### [TASK REQUIREMENTS]
Copy the lines below, word for word, from the first through the line containing "SEVEN POTIONS Salt". Leave the pictures out.

### [INFORMATION PROVIDED]
----

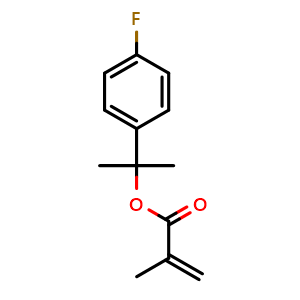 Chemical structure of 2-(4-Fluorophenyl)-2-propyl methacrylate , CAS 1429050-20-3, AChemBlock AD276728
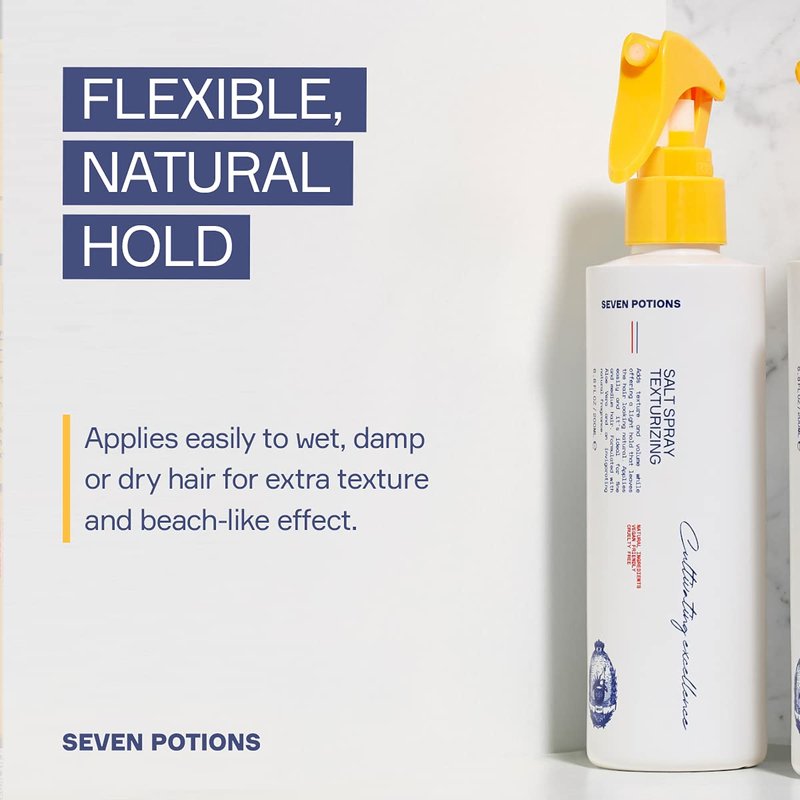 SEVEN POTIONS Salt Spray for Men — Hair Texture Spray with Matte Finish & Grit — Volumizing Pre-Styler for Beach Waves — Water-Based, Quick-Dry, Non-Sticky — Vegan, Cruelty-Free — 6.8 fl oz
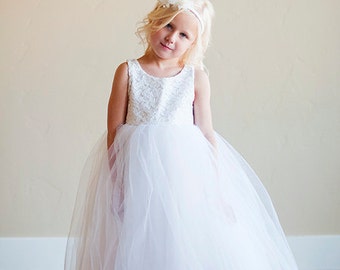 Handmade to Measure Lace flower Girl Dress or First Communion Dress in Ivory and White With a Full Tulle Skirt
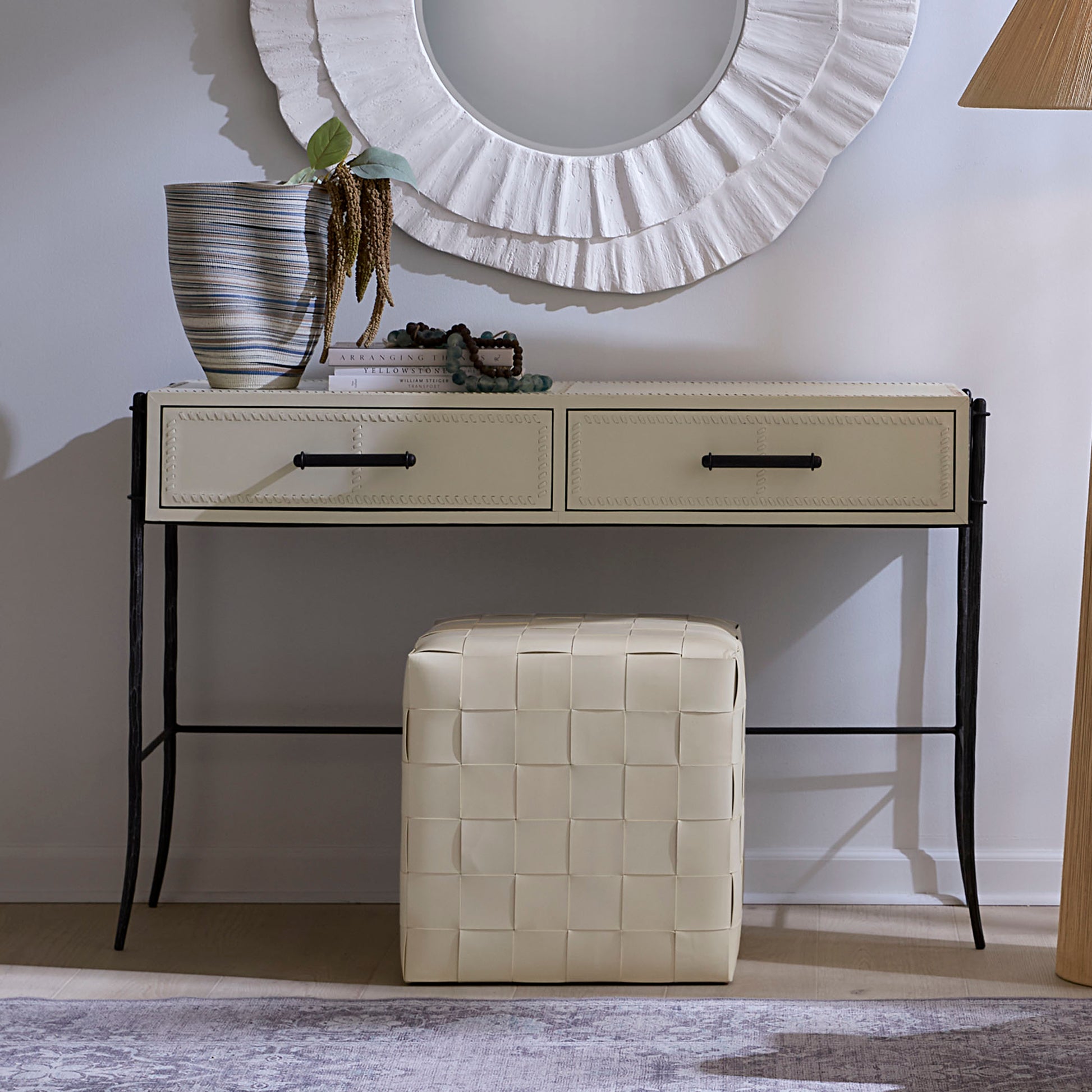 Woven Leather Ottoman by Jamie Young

----

### [SOLUTION TO THIS TASK]
 Chemical structure of 2-(4-Fluorophenyl)-2-propyl methacrylate , CAS 1429050-20-3, AChemBlock AD276728
 SEVEN POTIONS Salt Spray for Men — Hair Texture Spray with Matte Finish & Grit — Volumizing Pre-Styler for Beach Waves — Water-Based, Quick-Dry, Non-Sticky — Vegan, Cruelty-Free — 6.8 fl oz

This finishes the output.